##### Working data

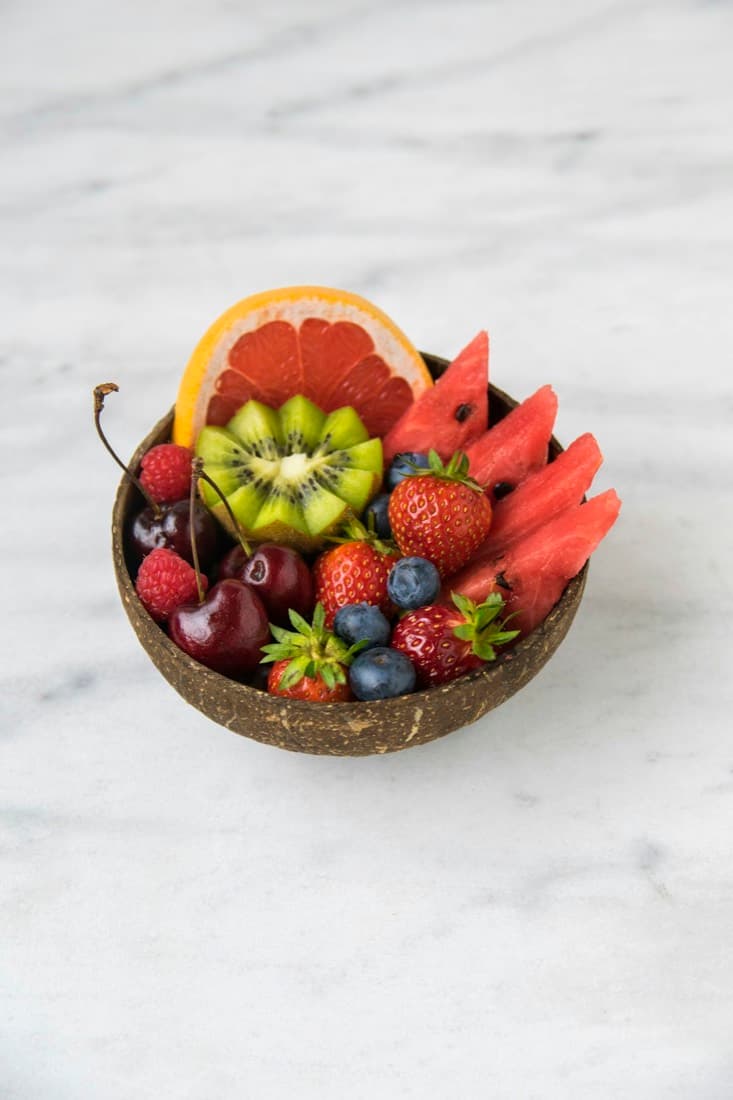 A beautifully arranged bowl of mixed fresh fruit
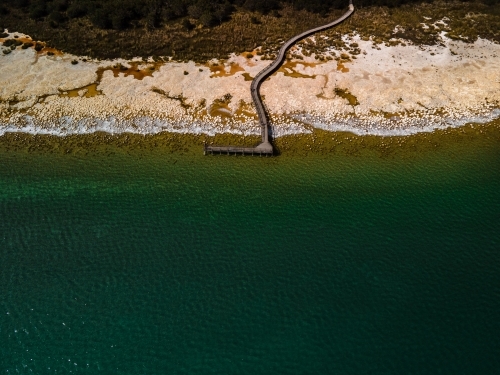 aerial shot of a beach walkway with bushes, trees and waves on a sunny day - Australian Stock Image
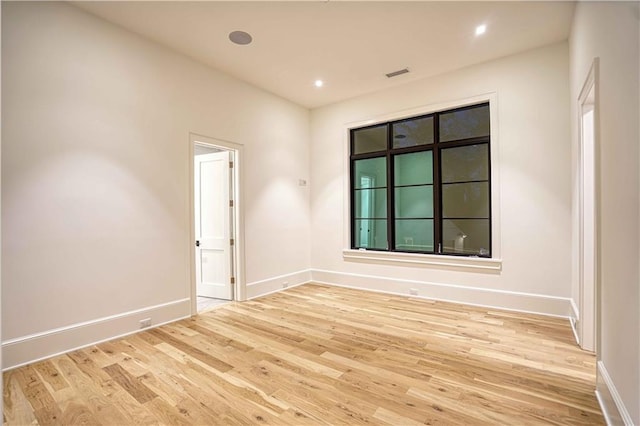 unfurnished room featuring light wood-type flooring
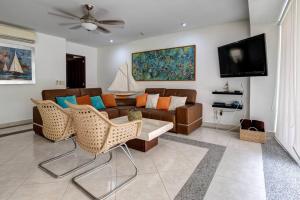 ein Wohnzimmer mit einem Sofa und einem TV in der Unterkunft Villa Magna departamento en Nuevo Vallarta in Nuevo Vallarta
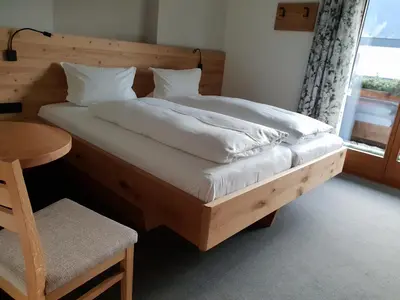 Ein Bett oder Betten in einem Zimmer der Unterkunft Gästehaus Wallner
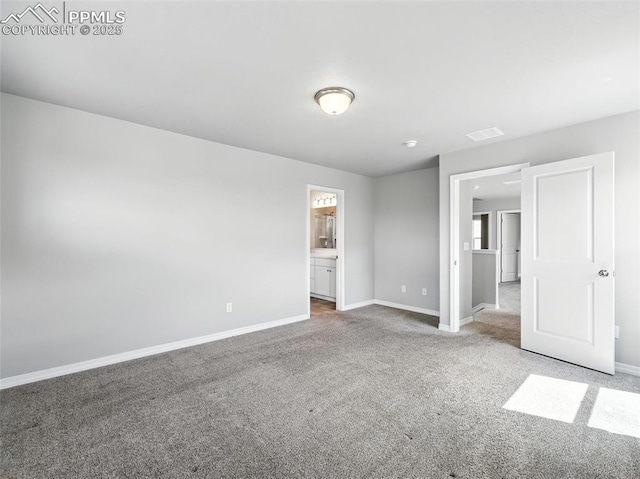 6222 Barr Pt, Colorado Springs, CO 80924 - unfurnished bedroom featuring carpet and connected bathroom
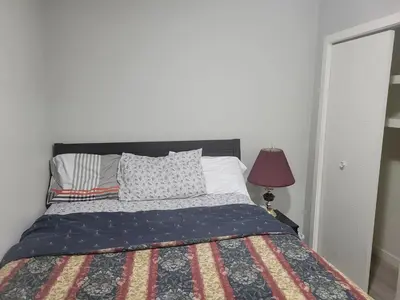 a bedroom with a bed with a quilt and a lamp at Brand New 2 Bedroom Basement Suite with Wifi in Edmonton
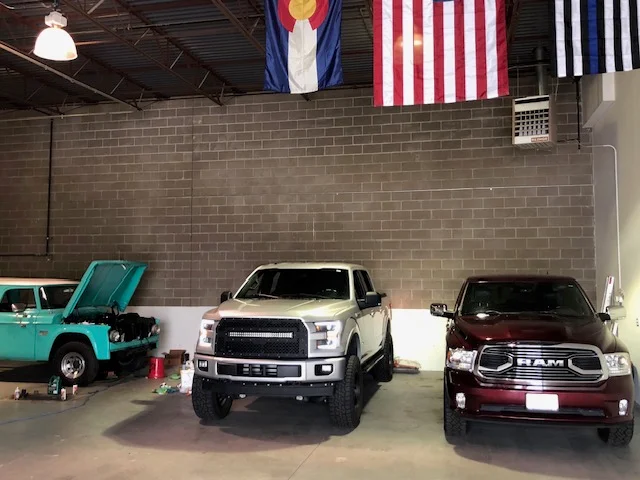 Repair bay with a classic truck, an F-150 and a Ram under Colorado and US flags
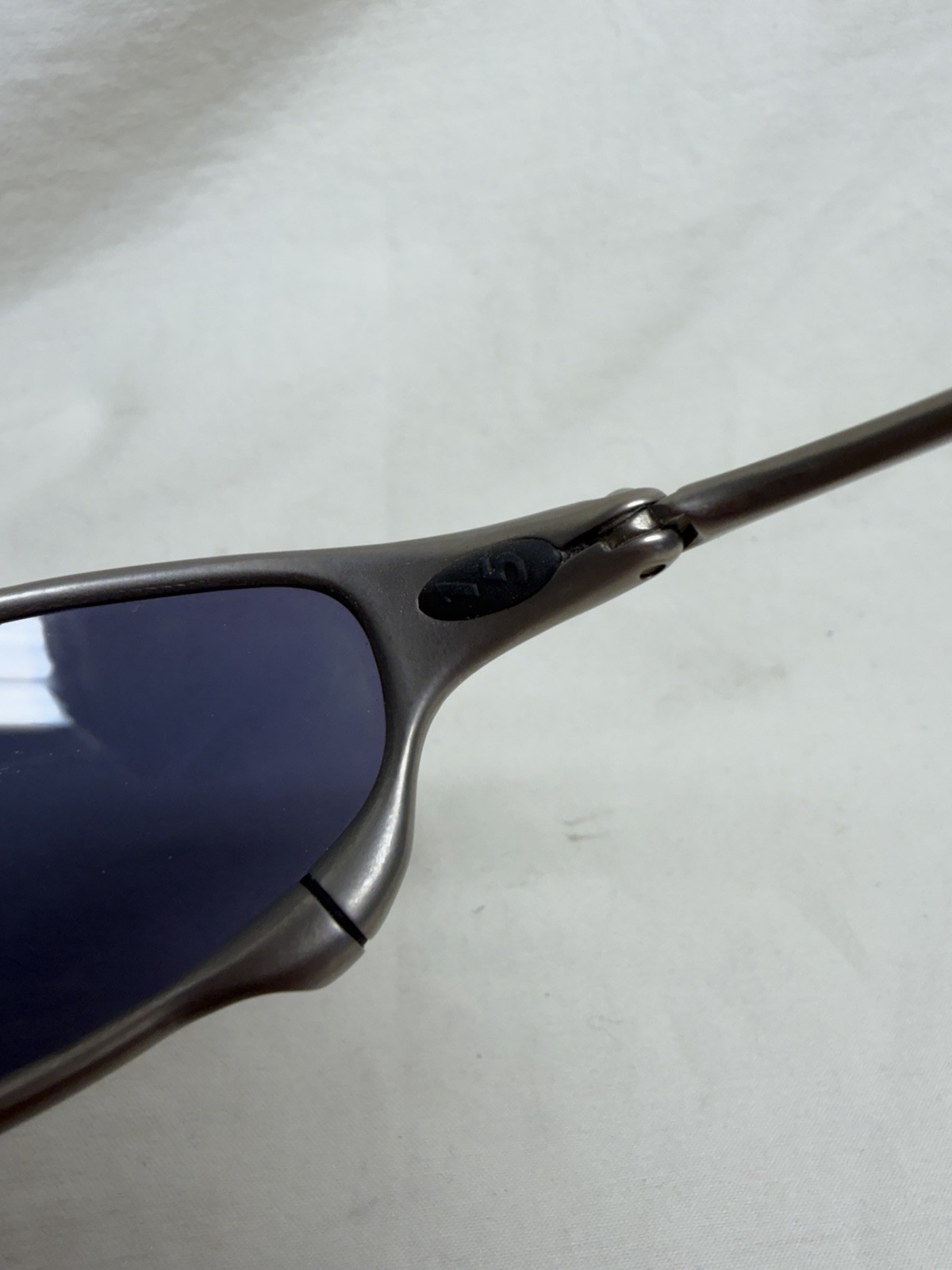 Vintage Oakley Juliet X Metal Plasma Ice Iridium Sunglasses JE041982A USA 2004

##########

| Your objective |
Without any pictures, reproduce the lines from the first one in the material through the line that has "6222 Barr Pt, Colorado", exactly as they appear.

| Solution to the exercise |
 A beautifully arranged bowl of mixed fresh fruit
 aerial shot of a beach walkway with bushes, trees and waves on a sunny day - Australian Stock Image
 unfurnished room featuring light wood-type flooring
 ein Wohnzimmer mit einem Sofa und einem TV in der Unterkunft Villa Magna departamento en Nuevo Vallarta in Nuevo Vallarta
 Ein Bett oder Betten in einem Zimmer der Unterkunft Gästehaus Wallner
 6222 Barr Pt, Colorado Springs, CO 80924 - unfurnished bedroom featuring carpet and connected bathroom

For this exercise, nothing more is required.